Der danach zu bestimmende Geschäftswert ist bei einem Betreuungsgeschäft in der Regel allerdings nur ein Prozentsatz des Bezugswertes, der nur bei besonders schwierigen Tätigkeiten – die auch für den Auftraggeber von erheblicher Bedeutung sind – bis zu 100 % des Bezugswertes betragen kann (OLG Düsseldorf, OLGR Düsseldorf 1993, 96). Das Interesse an der Fälligkeitsprüfung ist – wie das Oberlandesgericht Düsseldorf in der angeführten Entscheidung aufgeführt hat – nicht mit dem Kaufpreis identisch, so dass bei der Ermittlung dieser Wert durch die Annahme eines Geschäftswertes von 30 % des Bezugswertes (Kaufpreis) ermessenshalber zu begrenzen ist. Hinsichtlich der Überwachung der Voraussetzungen für die Umschreibungsreife hat das Oberlandesgericht Düsseldorf ausgeführt, dass die dafür anfallende Betreuungsgebühr grundsätzlich nach einem Geschäftswert von 20 – 30% des Kaufpreises in Ansatz zu bringen ist (Oberlandesgericht Düsseldorf JurBüro 1996, 101).
Mit Beschluss vom 9. Dezember 2008 – I-10 W 115/08 – sowie mit Beschluss vom 11. Dezember 2008 – I-10 W 144/08 – hat da Oberlandesgericht Düsseldorf in vergleichbaren Fallkonstellationen die Begrenzung des Ermessensrahmens auf 30 % für zulässig erachtet. Die Kammer folgt dieser Rechtsprechung.
Die Gebühr für die Treuhandtätigkeit gemäß § 147 Abs. 2 KostO ist von dem Beteiligten zu 1. erhoben worden für die Übermittlung der vollstreckbaren Ausfertigung der Grundschuldbestellungsurkunde an die Gläubigerin unter Treuhandauflagen zur Sicherung der im Kaufvertrag und der Grundschuldbestellungsurkunde zwischen Käufer und Verkäufer getroffenen Vereinbarungen. Bei der Ausübung des Ermessens im Rahmen des § 30 KostO war zum einen zu berücksichtigen, dass es sich vorliegend um einen Standardfall gehandelt hat. Von dem Beteiligten zu 1. sind in dem hier zu entscheidenden Fall auch keine besonders schwierigen oder umfangreichen Tätigkeiten heraus gestellt worden. Zum anderen war das Maß der Verantwortung des Beteiligten zu 1. zu berücksichtigen, die mit der Bedeutung des Geschäfts verbunden war. Unter Berücksichtigung dieser vorgenannten Erwägungen erachtet die Kammer hier eine Begrenzung des Geschäftswerts in Höhe von 30 % des Bezugswertes für angemessen. Eine über den Wert von 30 % des Kaufpreises ausnahmsweise zu rechtfertigende Erhöhung ist nicht gerechtfertigt. Dieser Einschätzung hat sich nunmehr auch der Beteiligte zu 1. ausweislich seines Schriftsatzes vom 22. April 2009 angeschlossen.

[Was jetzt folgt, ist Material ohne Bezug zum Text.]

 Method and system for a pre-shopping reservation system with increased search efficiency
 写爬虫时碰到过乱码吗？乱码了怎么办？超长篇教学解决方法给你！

Nach einem Wert von 42.000,- € (= 30 % des Grundschuldbetrages in Höhe von 140.000,-€) ergibt sich eine Gebühr in Höhe von 60,- €. Mithin sind 21,- € zu viel erhoben worden, so dass die streitbefangene Kostenrechnung vom 6. September 2005 dementsprechend abzuändern war.
III.
Die weitere Beschwerde war nicht zuzulassen, da die gesetzlichen Voraussetzungen des § 156 Abs. 2 Satz 2 KostO nicht vorliegen.